__Exercise data__.
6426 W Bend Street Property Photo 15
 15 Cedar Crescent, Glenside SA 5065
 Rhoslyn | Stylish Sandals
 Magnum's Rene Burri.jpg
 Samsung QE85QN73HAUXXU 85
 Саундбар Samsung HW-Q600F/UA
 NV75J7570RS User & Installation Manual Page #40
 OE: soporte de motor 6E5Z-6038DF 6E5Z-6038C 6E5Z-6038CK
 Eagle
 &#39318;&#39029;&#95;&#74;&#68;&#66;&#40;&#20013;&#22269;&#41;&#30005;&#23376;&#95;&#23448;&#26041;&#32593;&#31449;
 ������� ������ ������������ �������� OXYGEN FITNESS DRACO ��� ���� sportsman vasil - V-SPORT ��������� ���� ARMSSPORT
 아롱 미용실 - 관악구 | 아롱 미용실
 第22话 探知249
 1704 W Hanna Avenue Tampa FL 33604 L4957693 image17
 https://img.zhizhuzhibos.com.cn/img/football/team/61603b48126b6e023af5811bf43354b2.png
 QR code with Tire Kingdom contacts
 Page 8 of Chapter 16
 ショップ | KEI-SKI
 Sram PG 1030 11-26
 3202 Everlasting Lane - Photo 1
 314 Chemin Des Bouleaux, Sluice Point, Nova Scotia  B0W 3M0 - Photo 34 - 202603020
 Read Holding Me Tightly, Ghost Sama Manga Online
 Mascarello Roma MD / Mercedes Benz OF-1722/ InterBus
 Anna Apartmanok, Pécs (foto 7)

__Problem details__. Reproduce every line of the material exactly.

__Worked solution__.
6426 W Bend Street Property Photo 15
 15 Cedar Crescent, Glenside SA 5065
 Rhoslyn | Stylish Sandals
 Magnum's Rene Burri.jpg
 Samsung QE85QN73HAUXXU 85
 Саундбар Samsung HW-Q600F/UA
 NV75J7570RS User & Installation Manual Page #40
 OE: soporte de motor 6E5Z-6038DF 6E5Z-6038C 6E5Z-6038CK
 Eagle
 &#39318;&#39029;&#95;&#74;&#68;&#66;&#40;&#20013;&#22269;&#41;&#30005;&#23376;&#95;&#23448;&#26041;&#32593;&#31449;
 ������� ������ ������������ �������� OXYGEN FITNESS DRACO ��� ���� sportsman vasil - V-SPORT ��������� ���� ARMSSPORT
 아롱 미용실 - 관악구 | 아롱 미용실
 第22话 探知249
 1704 W Hanna Avenue Tampa FL 33604 L4957693 image17
 https://img.zhizhuzhibos.com.cn/img/football/team/61603b48126b6e023af5811bf43354b2.png
 QR code with Tire Kingdom contacts
 Page 8 of Chapter 16
 ショップ | KEI-SKI
 Sram PG 1030 11-26
 3202 Everlasting Lane - Photo 1
 314 Chemin Des Bouleaux, Sluice Point, Nova Scotia  B0W 3M0 - Photo 34 - 202603020
 Read Holding Me Tightly, Ghost Sama Manga Online
 Mascarello Roma MD / Mercedes Benz OF-1722/ InterBus
 Anna Apartmanok, Pécs (foto 7)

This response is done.